▶ What you are asked to do:
Repeat exactly the opening lines of the records, ending with the line that contains "3.22 ct Round Natural Diamond : F / SI2".

▶ Extracted material:

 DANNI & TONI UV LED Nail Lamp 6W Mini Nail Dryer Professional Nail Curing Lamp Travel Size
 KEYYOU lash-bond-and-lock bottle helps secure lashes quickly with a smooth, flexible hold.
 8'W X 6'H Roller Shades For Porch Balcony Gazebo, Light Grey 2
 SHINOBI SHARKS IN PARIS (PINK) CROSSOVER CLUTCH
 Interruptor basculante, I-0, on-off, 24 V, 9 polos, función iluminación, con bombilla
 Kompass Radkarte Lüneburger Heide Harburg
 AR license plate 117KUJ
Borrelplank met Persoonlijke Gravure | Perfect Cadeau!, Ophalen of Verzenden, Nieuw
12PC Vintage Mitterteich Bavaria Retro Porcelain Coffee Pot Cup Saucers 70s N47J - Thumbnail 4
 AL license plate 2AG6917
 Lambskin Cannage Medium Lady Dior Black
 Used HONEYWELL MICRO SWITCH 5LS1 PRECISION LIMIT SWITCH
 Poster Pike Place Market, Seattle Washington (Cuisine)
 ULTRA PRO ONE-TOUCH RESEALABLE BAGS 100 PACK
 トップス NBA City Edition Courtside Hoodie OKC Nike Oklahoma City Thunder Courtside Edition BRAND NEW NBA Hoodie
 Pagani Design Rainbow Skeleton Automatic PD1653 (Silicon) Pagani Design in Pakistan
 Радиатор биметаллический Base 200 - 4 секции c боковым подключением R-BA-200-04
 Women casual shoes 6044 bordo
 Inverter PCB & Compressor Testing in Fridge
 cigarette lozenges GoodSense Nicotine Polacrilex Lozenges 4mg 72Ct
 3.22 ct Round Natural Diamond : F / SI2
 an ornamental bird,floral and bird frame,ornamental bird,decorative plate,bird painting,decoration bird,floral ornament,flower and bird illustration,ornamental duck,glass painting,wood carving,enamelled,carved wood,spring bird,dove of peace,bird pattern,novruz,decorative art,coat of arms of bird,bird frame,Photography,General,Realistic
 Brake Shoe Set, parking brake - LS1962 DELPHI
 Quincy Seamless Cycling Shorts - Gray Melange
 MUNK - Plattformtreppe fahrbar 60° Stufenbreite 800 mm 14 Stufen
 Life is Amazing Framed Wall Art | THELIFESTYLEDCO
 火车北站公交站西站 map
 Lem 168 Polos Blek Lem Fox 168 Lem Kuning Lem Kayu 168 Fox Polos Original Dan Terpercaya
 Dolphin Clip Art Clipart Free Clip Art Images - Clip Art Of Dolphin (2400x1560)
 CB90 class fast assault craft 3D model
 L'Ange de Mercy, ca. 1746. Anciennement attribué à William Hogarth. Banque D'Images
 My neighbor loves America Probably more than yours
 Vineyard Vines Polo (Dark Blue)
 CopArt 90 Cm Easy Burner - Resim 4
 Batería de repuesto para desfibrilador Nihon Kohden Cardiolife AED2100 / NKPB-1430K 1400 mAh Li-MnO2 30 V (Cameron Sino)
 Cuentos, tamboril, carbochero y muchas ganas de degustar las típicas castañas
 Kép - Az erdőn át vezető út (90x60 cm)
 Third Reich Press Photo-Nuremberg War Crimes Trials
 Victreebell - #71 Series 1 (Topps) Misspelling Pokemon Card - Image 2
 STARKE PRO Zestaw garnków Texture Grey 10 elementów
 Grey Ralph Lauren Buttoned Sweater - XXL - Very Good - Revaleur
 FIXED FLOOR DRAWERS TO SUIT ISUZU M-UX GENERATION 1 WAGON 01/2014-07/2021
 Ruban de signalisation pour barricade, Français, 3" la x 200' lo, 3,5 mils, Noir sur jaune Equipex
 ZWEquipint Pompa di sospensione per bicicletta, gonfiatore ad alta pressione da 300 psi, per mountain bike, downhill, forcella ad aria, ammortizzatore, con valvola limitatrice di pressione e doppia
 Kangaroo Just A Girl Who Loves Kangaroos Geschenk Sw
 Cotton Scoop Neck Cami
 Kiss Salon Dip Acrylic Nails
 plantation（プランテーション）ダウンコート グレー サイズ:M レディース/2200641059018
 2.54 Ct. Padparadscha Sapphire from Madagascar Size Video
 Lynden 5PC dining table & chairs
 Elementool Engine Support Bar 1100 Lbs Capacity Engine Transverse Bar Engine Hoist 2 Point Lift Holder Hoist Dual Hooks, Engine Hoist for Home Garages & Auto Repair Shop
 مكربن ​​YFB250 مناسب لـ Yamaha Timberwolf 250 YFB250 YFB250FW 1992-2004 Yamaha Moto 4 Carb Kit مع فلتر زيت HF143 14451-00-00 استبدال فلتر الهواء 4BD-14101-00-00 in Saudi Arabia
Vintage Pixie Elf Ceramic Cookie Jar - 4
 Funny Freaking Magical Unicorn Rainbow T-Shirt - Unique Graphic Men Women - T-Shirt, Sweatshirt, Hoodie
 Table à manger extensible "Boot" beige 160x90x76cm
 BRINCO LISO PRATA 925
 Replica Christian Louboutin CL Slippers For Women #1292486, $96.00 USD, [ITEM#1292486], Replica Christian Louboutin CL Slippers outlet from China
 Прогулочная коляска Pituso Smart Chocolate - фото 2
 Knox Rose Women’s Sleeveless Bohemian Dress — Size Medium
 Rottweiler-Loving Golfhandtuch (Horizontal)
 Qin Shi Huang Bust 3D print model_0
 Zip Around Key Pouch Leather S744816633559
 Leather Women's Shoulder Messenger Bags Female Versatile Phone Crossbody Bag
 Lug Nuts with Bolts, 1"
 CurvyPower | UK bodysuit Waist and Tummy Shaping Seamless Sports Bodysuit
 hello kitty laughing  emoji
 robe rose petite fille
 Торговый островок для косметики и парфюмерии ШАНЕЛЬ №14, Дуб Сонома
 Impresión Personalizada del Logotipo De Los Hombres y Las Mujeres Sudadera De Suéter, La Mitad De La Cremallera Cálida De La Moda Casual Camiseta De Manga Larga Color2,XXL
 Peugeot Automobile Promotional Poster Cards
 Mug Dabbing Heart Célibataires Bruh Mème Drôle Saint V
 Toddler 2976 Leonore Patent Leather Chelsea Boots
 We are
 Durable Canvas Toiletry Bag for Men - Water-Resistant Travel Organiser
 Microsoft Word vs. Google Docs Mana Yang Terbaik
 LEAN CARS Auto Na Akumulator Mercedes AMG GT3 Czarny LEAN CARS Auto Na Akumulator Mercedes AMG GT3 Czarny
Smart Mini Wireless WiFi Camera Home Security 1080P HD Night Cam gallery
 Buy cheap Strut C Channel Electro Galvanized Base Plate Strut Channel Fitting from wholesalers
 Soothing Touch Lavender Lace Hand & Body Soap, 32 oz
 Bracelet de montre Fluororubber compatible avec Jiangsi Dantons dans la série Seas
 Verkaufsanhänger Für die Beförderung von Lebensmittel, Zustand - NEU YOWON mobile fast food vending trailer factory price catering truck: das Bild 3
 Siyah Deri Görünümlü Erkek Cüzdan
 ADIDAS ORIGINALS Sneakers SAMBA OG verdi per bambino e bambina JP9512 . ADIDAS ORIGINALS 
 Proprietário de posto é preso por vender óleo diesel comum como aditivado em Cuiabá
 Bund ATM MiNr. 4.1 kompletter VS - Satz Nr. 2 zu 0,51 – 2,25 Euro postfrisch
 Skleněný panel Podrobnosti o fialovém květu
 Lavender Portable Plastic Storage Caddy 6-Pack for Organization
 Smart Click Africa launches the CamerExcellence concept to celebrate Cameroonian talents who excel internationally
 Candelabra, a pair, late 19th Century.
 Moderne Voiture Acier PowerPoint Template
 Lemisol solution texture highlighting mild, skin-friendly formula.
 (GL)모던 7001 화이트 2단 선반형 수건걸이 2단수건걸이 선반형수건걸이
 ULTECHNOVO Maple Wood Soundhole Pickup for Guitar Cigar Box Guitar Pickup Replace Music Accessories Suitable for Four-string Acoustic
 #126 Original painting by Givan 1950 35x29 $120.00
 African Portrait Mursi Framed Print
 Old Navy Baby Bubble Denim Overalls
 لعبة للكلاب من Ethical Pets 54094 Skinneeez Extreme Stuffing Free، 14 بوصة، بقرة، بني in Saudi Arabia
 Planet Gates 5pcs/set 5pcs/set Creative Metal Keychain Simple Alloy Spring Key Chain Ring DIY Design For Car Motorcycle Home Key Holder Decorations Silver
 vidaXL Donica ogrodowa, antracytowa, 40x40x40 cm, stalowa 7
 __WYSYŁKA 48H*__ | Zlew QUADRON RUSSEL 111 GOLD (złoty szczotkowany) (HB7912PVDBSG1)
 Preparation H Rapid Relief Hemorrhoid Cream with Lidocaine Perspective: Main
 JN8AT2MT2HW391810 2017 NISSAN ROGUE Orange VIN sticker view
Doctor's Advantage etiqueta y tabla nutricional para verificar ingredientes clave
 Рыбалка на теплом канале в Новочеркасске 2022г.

▶ Task output:
 DANNI & TONI UV LED Nail Lamp 6W Mini Nail Dryer Professional Nail Curing Lamp Travel Size
 KEYYOU lash-bond-and-lock bottle helps secure lashes quickly with a smooth, flexible hold.
 8'W X 6'H Roller Shades For Porch Balcony Gazebo, Light Grey 2
 SHINOBI SHARKS IN PARIS (PINK) CROSSOVER CLUTCH
 Interruptor basculante, I-0, on-off, 24 V, 9 polos, función iluminación, con bombilla
 Kompass Radkarte Lüneburger Heide Harburg
 AR license plate 117KUJ
Borrelplank met Persoonlijke Gravure | Perfect Cadeau!, Ophalen of Verzenden, Nieuw
12PC Vintage Mitterteich Bavaria Retro Porcelain Coffee Pot Cup Saucers 70s N47J - Thumbnail 4
 AL license plate 2AG6917
 Lambskin Cannage Medium Lady Dior Black
 Used HONEYWELL MICRO SWITCH 5LS1 PRECISION LIMIT SWITCH
 Poster Pike Place Market, Seattle Washington (Cuisine)
 ULTRA PRO ONE-TOUCH RESEALABLE BAGS 100 PACK
 トップス NBA City Edition Courtside Hoodie OKC Nike Oklahoma City Thunder Courtside Edition BRAND NEW NBA Hoodie
 Pagani Design Rainbow Skeleton Automatic PD1653 (Silicon) Pagani Design in Pakistan
 Радиатор биметаллический Base 200 - 4 секции c боковым подключением R-BA-200-04
 Women casual shoes 6044 bordo
 Inverter PCB & Compressor Testing in Fridge
 cigarette lozenges GoodSense Nicotine Polacrilex Lozenges 4mg 72Ct
 3.22 ct Round Natural Diamond : F / SI2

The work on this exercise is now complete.